Seuls six des 36 candidats dépassent les 1%. Le quatrième, André Christian Dieudonné Mailhol dit Pasteur, plafonne à 1,27%. Le chanteur Dama, du célèbre groupe malgache Mahaleo, reste à 0,33%, tandis que l’ancien président Didier Ratsiraka, surnommé l’Amiral rouge, ne dépasse pas les 0,45%.

Le centre pour Ravalomanana, la côte pour Rajoelina

Selon les tendances régionales du 15 novembre, alors que 80% des bureaux de vote étaient dépouillés, le centre de l’île tombe globalement dans l’escarcelle de Marc Ravalomanana. Les régions côtières, plus nombreuses mais chacune moins peuplée, reviennent au candidat Andry Rajoelina. Quant à « Hery », il réalise son meilleur score (40%) dans la région Sava (nord-est) – la seule qu’il remporte sur 22.

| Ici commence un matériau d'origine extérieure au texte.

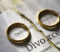 Image of two rings on a piece of paper with the word Divorce printed on it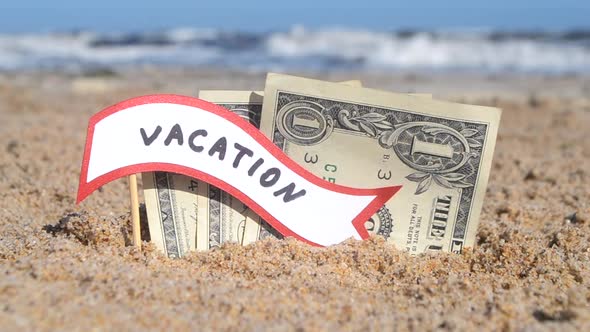 Paper Bills One Dollar and Small Stick Paper Speech Bubble with Word Vacation alt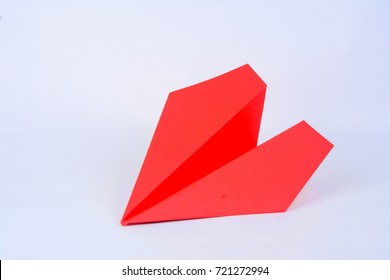 Isolated Red Paper Plane On White Background.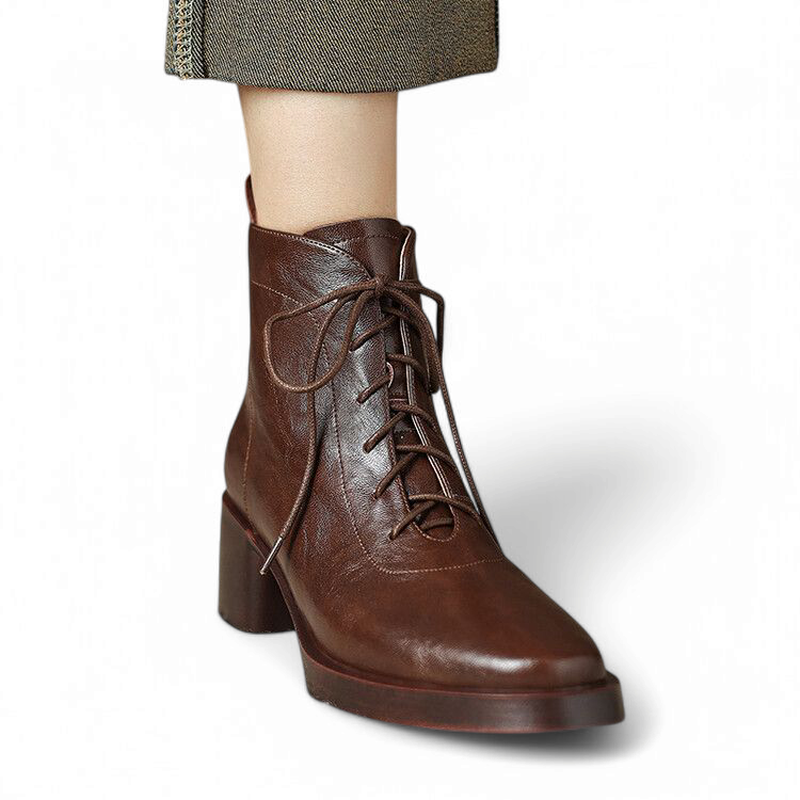 Front view of Merendy Tarek Victorian boots in brown split leather, featuring lace-up closure and detailed stitching, shown in a worn look.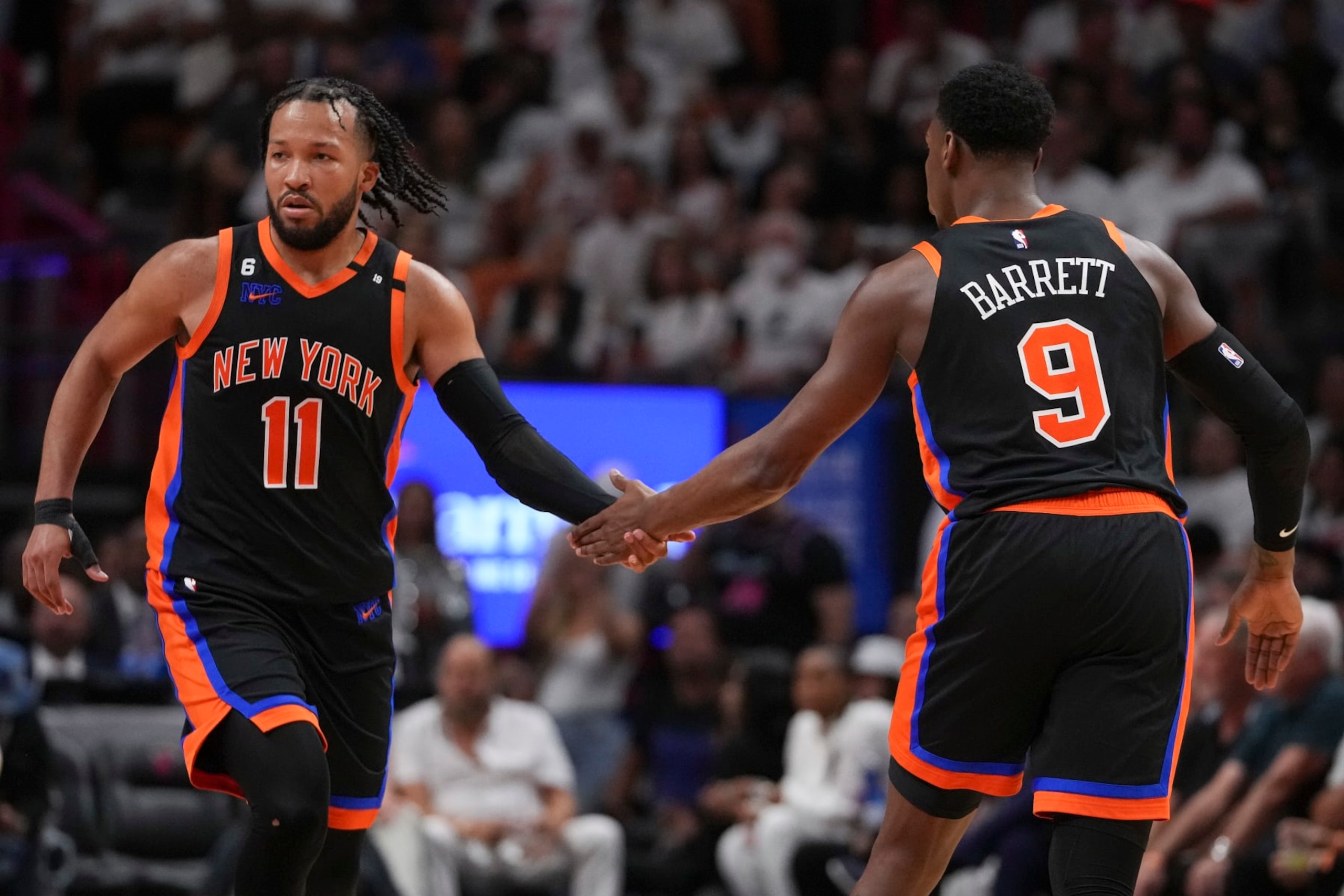 MIAMI, FLORIDA - MAY 08: RJ Barrett #9 of the New York Knicks congratulates teammate Jalen Brunson #11 during Game Four of the Eastern Conference Semifinals against the Miami Heat at Kaseya Center on May 08, 2023 in Miami, Florida. The Heat won the game 109-101. NOTE TO USER: User expressly acknowledges and agrees that,  by downloading and or using this photograph,  User is consenting to the terms and conditions of the Getty Images License Agreement. (Photo by Eric Espada/Getty Images)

Cette répartition suit, peu ou prou, celle du second tour de la présidentielle de 2013, entre Hery Rajaonarimampianina et Jean-Louis Robinson, respectivement soutenus par Andry Rajoelina
et Marc Ravalomanana. À l’époque, les deux ténors de 2018 n’avaient pas été autorisés à se présenter.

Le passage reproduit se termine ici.